How much time have you got? I ask because the best hybrid longbow I've ever had was a McCullough Griffin. Unfortunately his wait time is measured in years, around three last I heard. They do appear in the classifieds once in a while. I had a 64" bow but I think they are more common in a 60" length.

The Big Jim Buffalo bow is another great one (http://www.bigjimsbowcompany.com/custom_bows.php). Jim's craftsmanship is second to none, absolutely beautiful bows that shoot great.


----------



## JINKSTER (Mar 19, 2011)

IMHO?...there isn't...."A BEST"...RD Hybrid Longbow out there...but there is a veritable plethora of RD Hybrid Longbows offerings out there that are beyond Excellence...in every measure...which include but are not limited too....and in no particular order...

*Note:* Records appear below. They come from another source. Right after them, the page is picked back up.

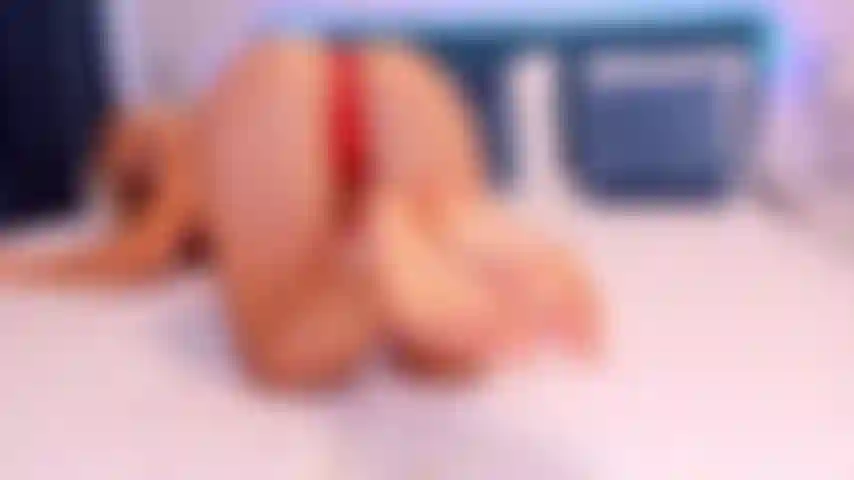 Footjob inverso con consolador y aceite.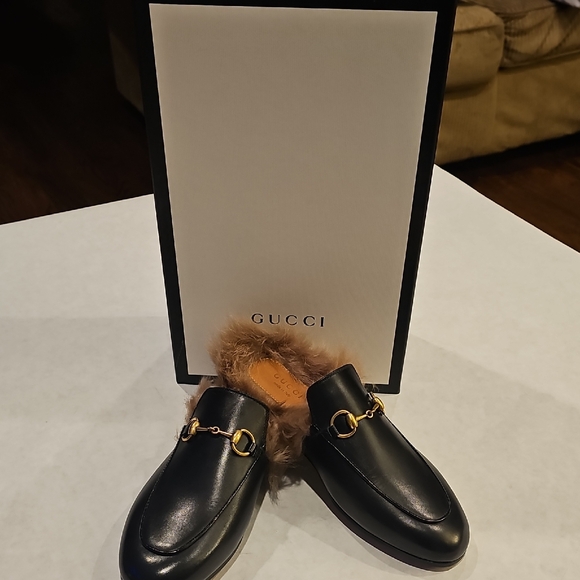 Gucci Black Leather Fur Lined Loafers - Picture 5 of 5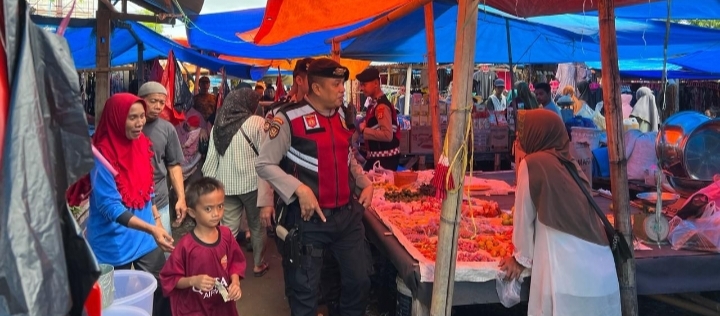 Patroli Dialogis di Pasar Tradisional, Upaya Sat Samapta Polres Takalar Ciptakan Rasa Aman Bagi Masyarakat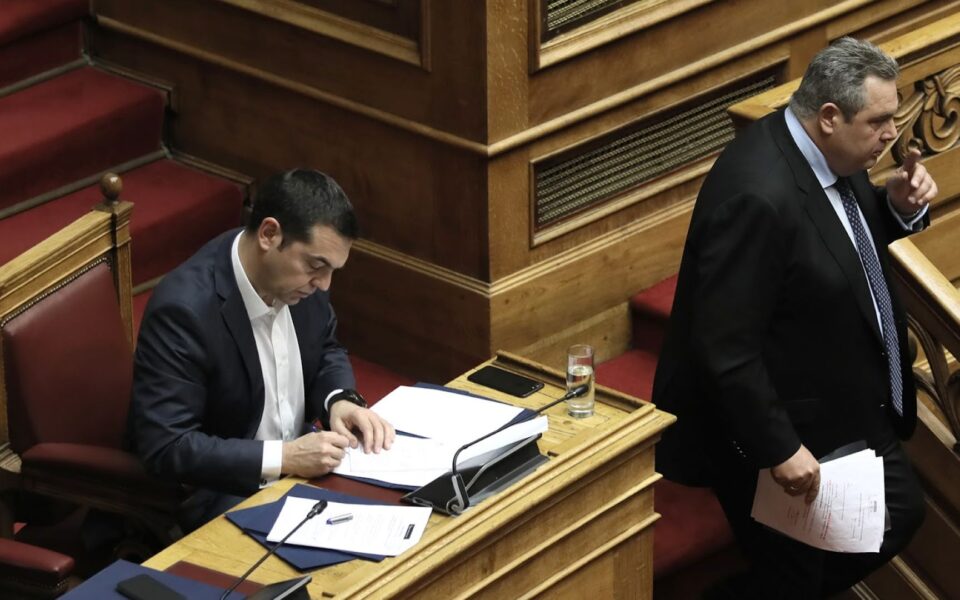 Kammenos and SYRIZA exchange barbs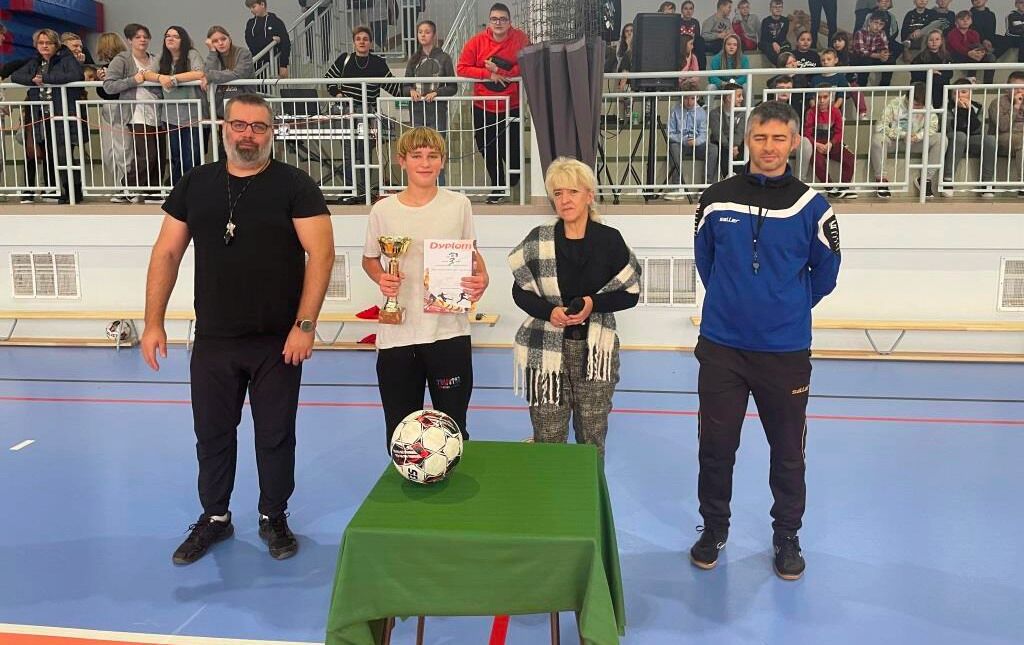 Zdjęcie do Szkolny Turniej Halowej Piłki Nożnej o Przechodni Puchar Dyrektora Szkoły Podstawowej W Nowej Wsi Ełckiej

Centaur (Triple Carbon/Dark Matter)
Fox Triple Crown
Toelke Whip
Griffins & Shrews (if you can find one on the latter)
Big Jim (Thunder Child Or Buffalo)
Borders (Harrier Royale)
Black Widow

and last but most certainly not least?...

Bushmen Custom Longbows (American Native/Sneaky Stick 2pc/American Warrior) and here's a pic of me with my beloved American Native in his Testimonials section...










Now all of those are creme de la creme so to speak and there's really no need to go that exotic to experience first class performance from a modern RD Hybrid Longbow in which case the following are also great choices....

Bodnik Quick Stick & Slick Stick...Martin Savannah (represents a great value)...as do Omega Bows.

all I got at the moment though I'm certain I forgot a few...happy shopping and L8R, Bill. :cool2:


----------



## BarneySlayer (Feb 28, 2009)

Omega...

Maybe cajole him into doing a phenolic/wood/phenolic laminate for the riser section...


----------



## benofthehood (May 18, 2011)

From personal experience ... A with that draw length I'd be thinking a Toelke Whip might fit the Bill as Dan will make them as short as 58" from memory. 

They are exceptionally well mannered , not the fastest bows around but they do everything so well it doesn't matter IMHO. Plus build time is very very quick( my last was three weeks) , build quality is stellar as is customer service.

Ditto the above for Allen Boice' Liberty Longbows ... His Chief and Edge models are fantastic.

There are heaps of great bows being made today . If you can't get to a shoot to try a few , then there'll be plenty of reviews about and some bowyers will send you a test bow .

As a differing option what about a TradTech Onyx or similar variation with Longbow Limbs ? They are sweet .....


----------



## slowbowjoe (Jun 7, 2014)

I'm pretty much with Jinkster on this one. Hybrid shooter here myself. Addressing your question and preferences: "Javaman" Elkheart or Falcon (made by Greg Coffey, who was building the Shrew line for some years), Big Jim Thunderchild, CariBow Wolverine, Leon Stewart Lil Slammer, or Centaur are all superb bows which fit your description. (The Toelke Whip is also right up there, but it isn't a hybrid.)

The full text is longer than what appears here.